Tuesday, October 26, 2010

Sepenggal kenangan

November, 1999

Setelah pesta inagurasi yang diadakan fakultas, kami berempat secara spontan memutuskan untuk membuat pesta kecil lanjutan. Saya yang dengan susah payah berhasil lolos dari D.O: Rini yang akan melepas masa lajangnya seminggu setelah hari itu; Utami yang akan kembali mengajar di universitas tempatnya bertugas; Amali yang juga akan kembali mengajar dan bertugas di luar pulau; merasa perlu merayakan keberhasilan kami melewati masa-masa sulit saat menempuh pendidikan dan juga sebagai pesta perpisahaan. Karena masing-masing dari kami tidak ada yang membawa teman special maka kami merayakannya hanya berempat saja. Tempat pesta kecil ini kami putuskan di puncak tertinggi kota Malang daerah Payung, Batu, tempat banyak penjual jagung bakar buka sampai dini hari.
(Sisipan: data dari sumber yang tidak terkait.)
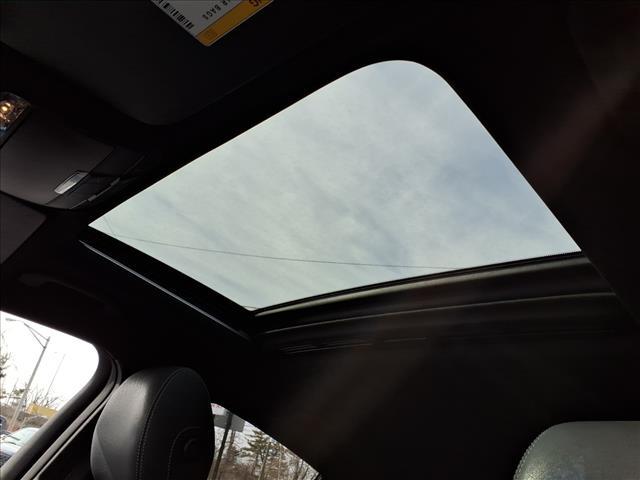 used 2019 Mercedes-Benz GLC 300 car, priced at $28,797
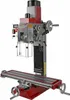 PAULIMOT Bohr-/Fräsmaschine F207-V mit Kugelumlaufspindeln Produktbild-Vorschau 11
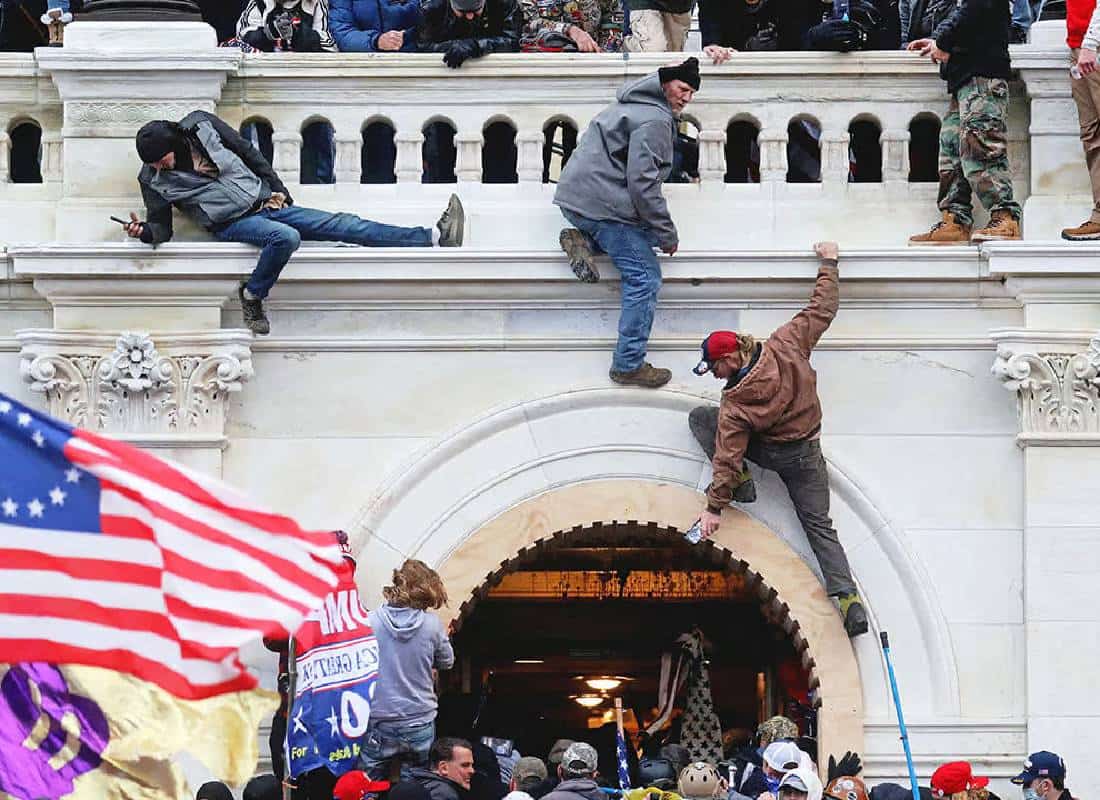 ‎14% מהרפובליקנים ינקטו בפעולות להפוך את הבחירות אם טראמפ יפסיד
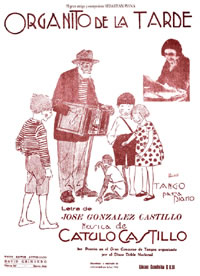 Cátulo Castillo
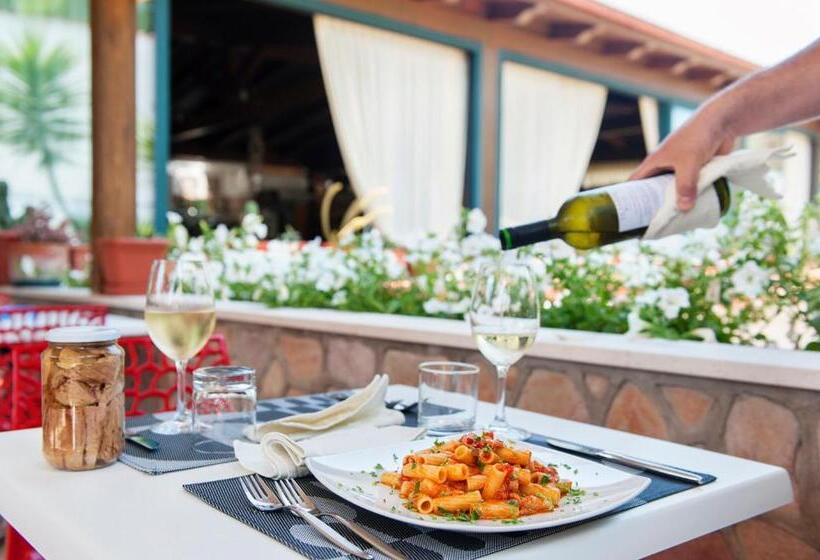 호텔 La Tramontana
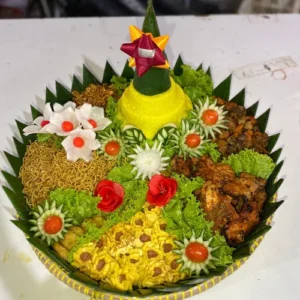 Tumpeng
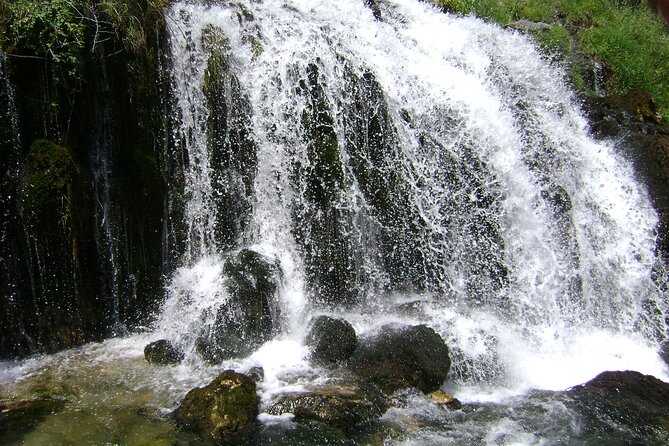 SOTIRA WATERFALL Hiking/Trekking From Berat by 1001 Albanian Adventures - Frequently Asked Questions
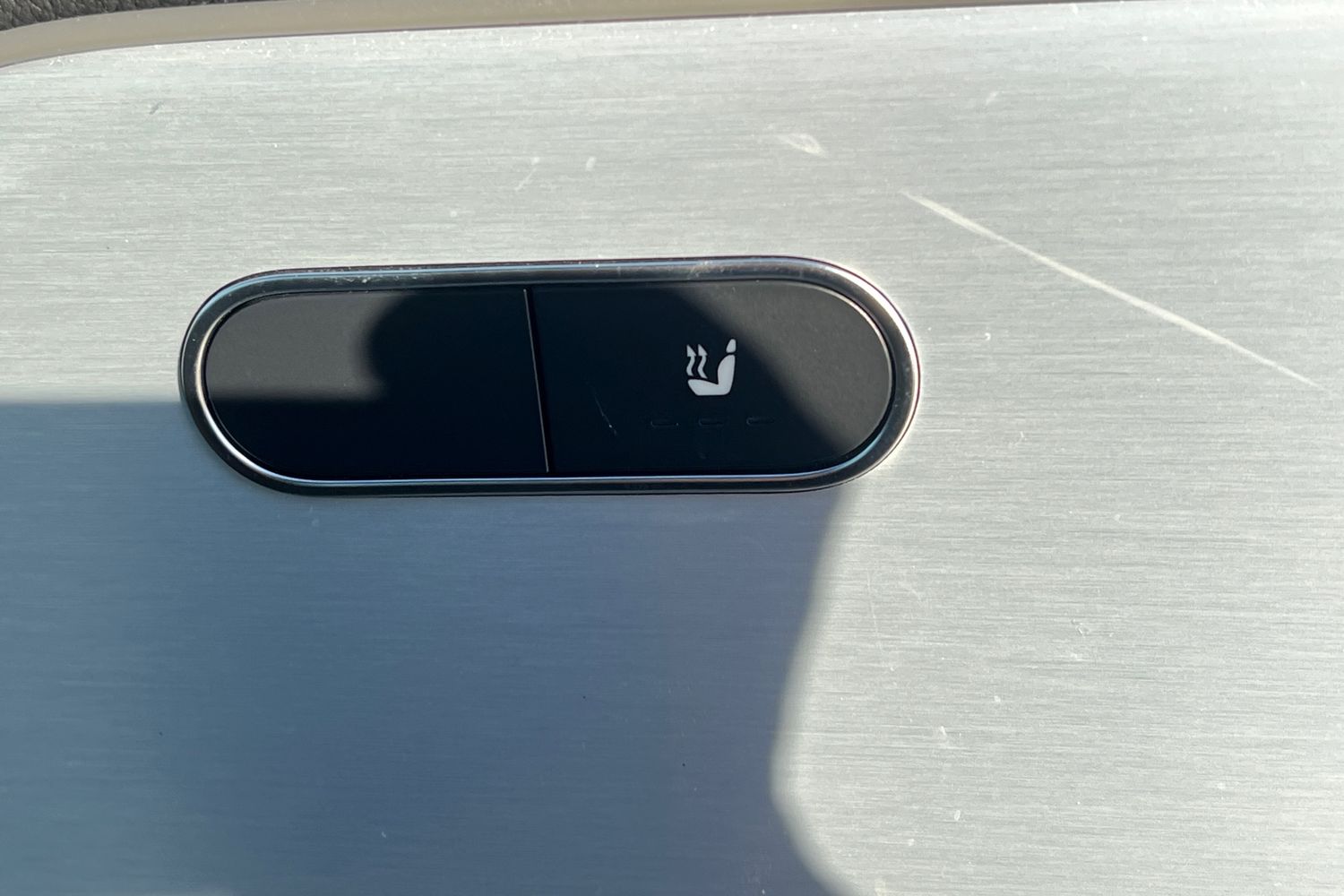 Used Mercedes-Benz EQA 2023 for sale - 76649326: Photo 19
Malam itu malam minggu...namun entah kenapa suasana di Payung tidak seperti biasanya, pengunjung kedai jagung bakar hanya beberapa orang saja, atau mungkin juga karena gerimis kecil yang turun sudah sejak sore. Untuk meramaikan suasana kami panggil pengamen jalanan yang biasa mangkal di tempat itu. Lumayan juga pikir kami, karena pengamen ini sudah sedikit modern, dia memakai speaker kecil dan mesin karaoke recorder. Tapi karena si pengamen hanya hafal satu lagu saja, akhirnya tugas menyanyi diserahkan pada Utami yang memang senang menyanyi dan hafal hampir semua lagu dangdut yang ada di kaset si pengamen.

Malam makin larut...lelah bernyanyi dan bercengkerama, ditemani aroma jagung bakar yang mengepul hangat, sambil memandang keindahan kerlip lampu kota Malang nun jauh dibawah sana, kami duduk terdiam tenggelam dalam pikiran masing-masing... Suara pengamen jalanan yang sudah pindah ke kedai lain terasa mendayu-dayu namun juga terasa jauh dan asing.
Disertai gelak tawa pengunjung lain dengan lagu yang  tetap sama, berulang-ulang, sebuah lagu dangdut populer yang hanya saya tahu penggalannya saja...."Aku bukan pengemis cinta..." biasanya lagu ini dinyanyikan dengan gaya melengking kocak......tapi kali ini anehnya seperti menusuk sanubari.... disertai rasa dingin hingga ke tulang... merambah ke dalam hati yang paling dalam....

Kami pulang dengan hati yang perih, pelukan perpisahan, doa dan derai air mata...langkah-langkah gontai dan perasaan yang mencekam..... mungkin juga karena ada satu pikiran dan pertanyaan yang sama......dan terus menggantung disana seolah menghantui hati kami masing-masing......."Habis ini apa?......"


November, 2000

Duduk sendiri di sudut sebuah kedai kopi sebuah pertokoan ternama belantara ibu kota. Ditemani secangkir capuchino pahit dan sepotong fruit danish. Dentum musik, riuh pengunjung, asap rokok berbaur dengan kerlip lampu-lampu gedung bertingkat, ditambah lalu lalang kendaraan di jalan di luar sana seperti tidak mampu menghilangkan suasana hati yang sepi mencekam, suasana aneh, menebarkan rasa dingin menusuk-nusuk dan menyesakkan.
Sendiri dalam lamunan panjang mengingatkan susana yang persis sama bebarapa tahun yang lalu...suasana hati di kedai jagung bakar Payung, Batu Malang.... dan ternyata tanpa disadari tetap masih menyisakan pertanyaan dan kegelisahan yang juga sama...."Habis ini apa?...."

Malam itu....saya tinggalkan kedai kopi di ibu kota...dengan sebuah hembusan nafas panjang, berat namun pasti...melepaskan semua beban dan penat di hati...dengan sebuah langkah panjang dan sesungging senyum kemenangan...karena sekarang sudah ada jawabannya....."Tutup buku....Buka terop....." gumam saya sambil berlalu....



Catatan :
"Tutup buku buka terop" sering dipakai sebagai lelucon sehari-hari di daerah jawa yang menggambarkan seorang anak  yang baru selesai sekolahnya terus langsung memutuskan menikah. Bisa juga diartikan sebagai memulai langkah yang benar-benar baru dalam kehidupannya.